Regression Testing

Regression testing ensures that bug fixes stay fixed and new features don't break existing functionality. This chapter covers strategies for building and maintaining effective regression test suites for MCP servers.

What is Regression Testing?

┌─────────────────────────────────────────────────────────────────────┐
│                   Regression Testing Purpose                         │
├─────────────────────────────────────────────────────────────────────┤
│                                                                     │
│  Without Regression Tests:                                          │
│  ┌─────────────────────────────────────────────────────────────┐   │
│  │  v1.0: Bug found → Bug fixed ✓                              │   │
│  │  v1.1: New feature added                                    │   │
│  │  v1.2: Bug reappears! ✗                                     │   │
│  │  v1.3: Same bug fixed again...                              │   │
│  │  v1.4: Bug reappears again...                               │   │
│  └─────────────────────────────────────────────────────────────┘   │
│                                                                     │
│  With Regression Tests:                                             │
│  ┌─────────────────────────────────────────────────────────────┐   │
│  │  v1.0: Bug found → Bug fixed + Regression test added ✓      │   │
│  │  v1.1: New feature added, regression test passes ✓          │   │
│  │  v1.2: Code change would reintroduce bug...                 │   │
│  │        → Regression test FAILS ✗                            │   │
│  │        → Developer catches issue before release             │   │
│  │        → Bug never reaches production again!                │   │
│  └─────────────────────────────────────────────────────────────┘   │
│                                                                     │
└─────────────────────────────────────────────────────────────────────┘

Creating Regression Tests

From Bug Reports

When you fix a bug, immediately create a regression test:

# tests/scenarios/regression/issue-42-empty-result.yaml
name: "Regression #42 - Empty query result handling"
description: |
  Bug: Server returned 500 when query returned empty results.
  Fixed in: v1.2.1 (commit abc123)
  Root cause: Missing null check in result formatting.

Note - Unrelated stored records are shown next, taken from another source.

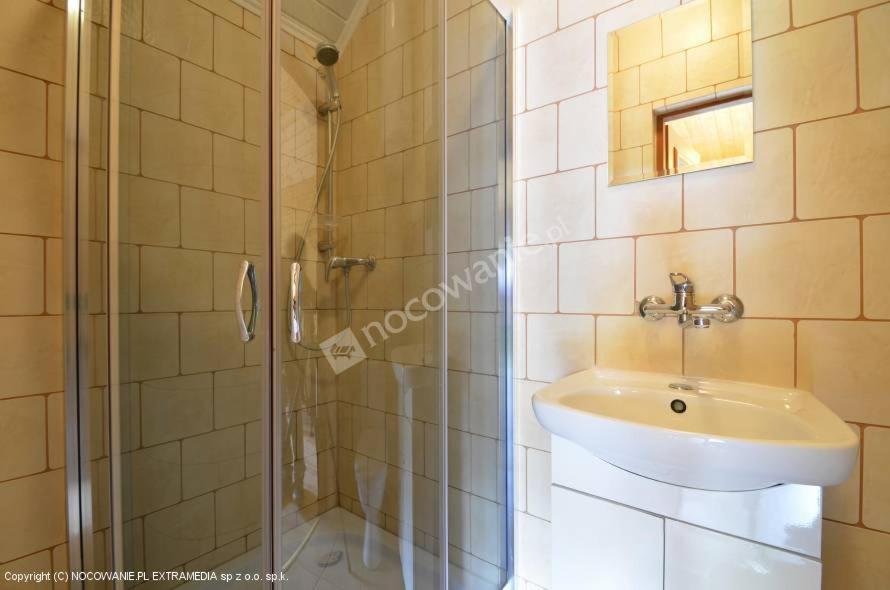 Chalet (4 Adults) - Photo 3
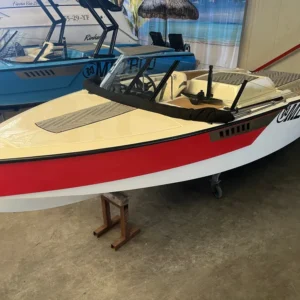 Method Wake Ski 6.2 wakeboard- waterski boat avec 440HP RED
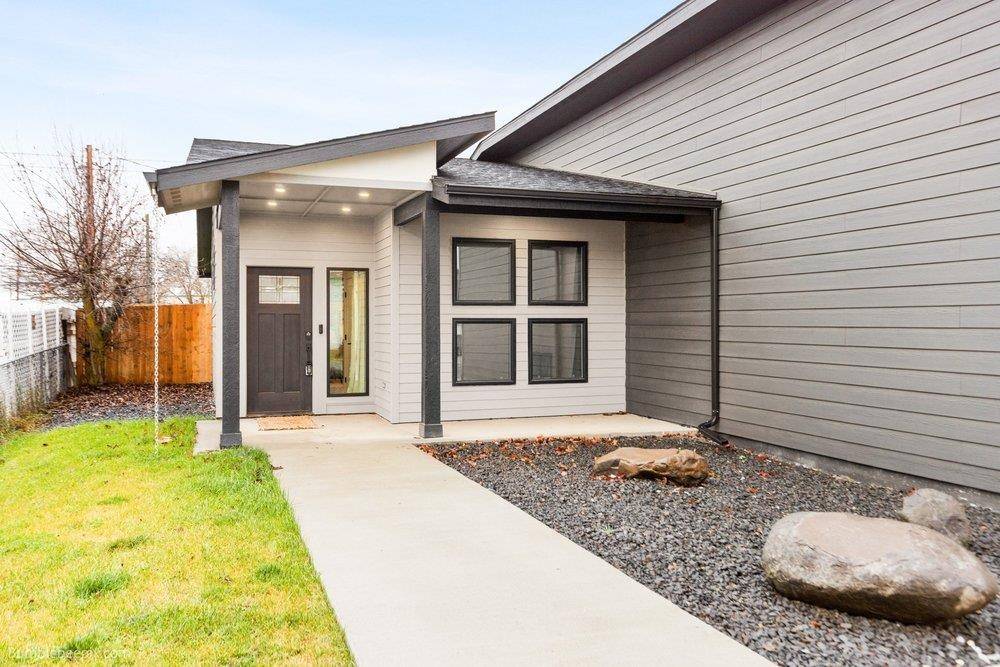 13521 W 12th Ave, Airway Heights, WA 99001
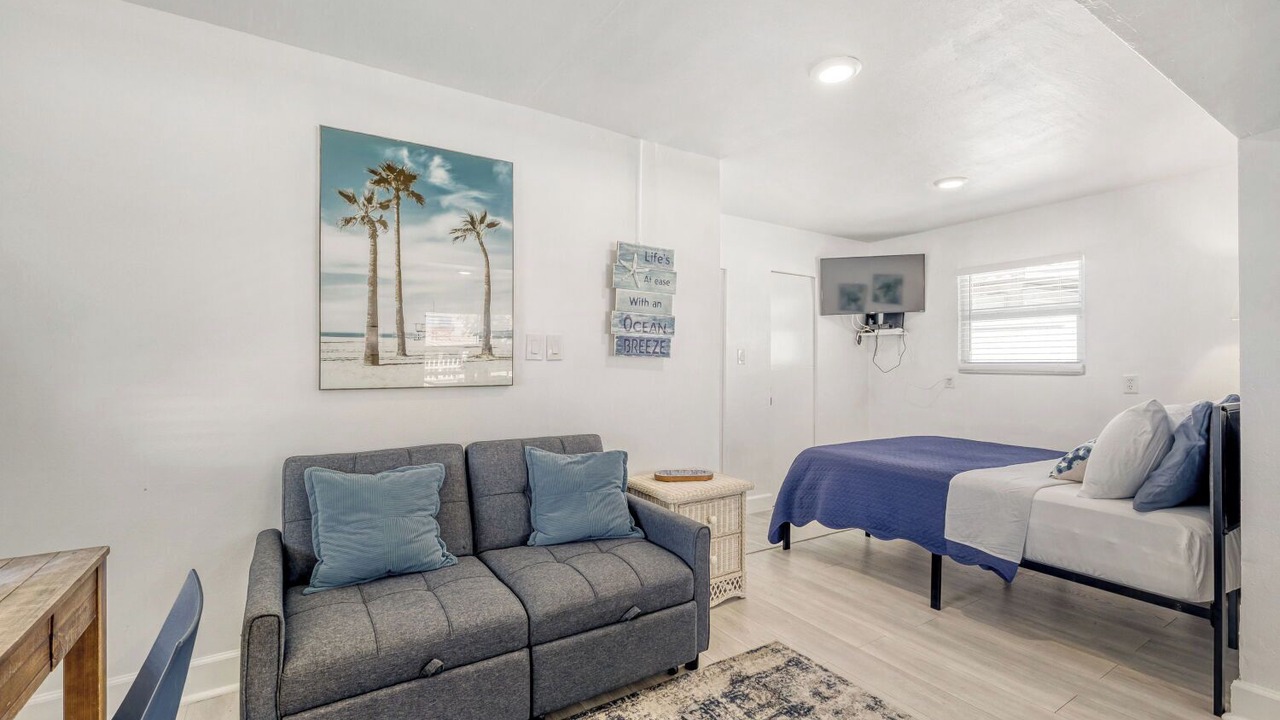 Photo of Bedroom in Tropic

  This test ensures empty results are handled gracefully.

tags:
  - regression
  - issue-42
  - critical

# Link to original issue
metadata:
  issue_url: https://github.com/example/mcp-server/issues/42
  fixed_in: v1.2.1
  fixed_by: commit abc123

steps:
  - name: "Query returning empty results should succeed"
    tool: execute_query
    input:
      sql: "SELECT * FROM users WHERE id = -999999"
    expect:
      success: true
      content:
        type: text
        contains: "0 rows"

  - name: "Empty table query should succeed"
    tool: execute_query
    input:
      sql: "SELECT * FROM empty_table"
    expect:
      success: true

From Production Incidents

After a production incident, capture the exact sequence that caused the problem:

# tests/scenarios/regression/incident-2024-01-15.yaml
name: "Regression - Production incident 2024-01-15"
description: |
  Incident: Server crashed under specific query pattern.
  Impact: 15 minutes of downtime.
  Root cause: Memory exhaustion when joining large tables without LIMIT.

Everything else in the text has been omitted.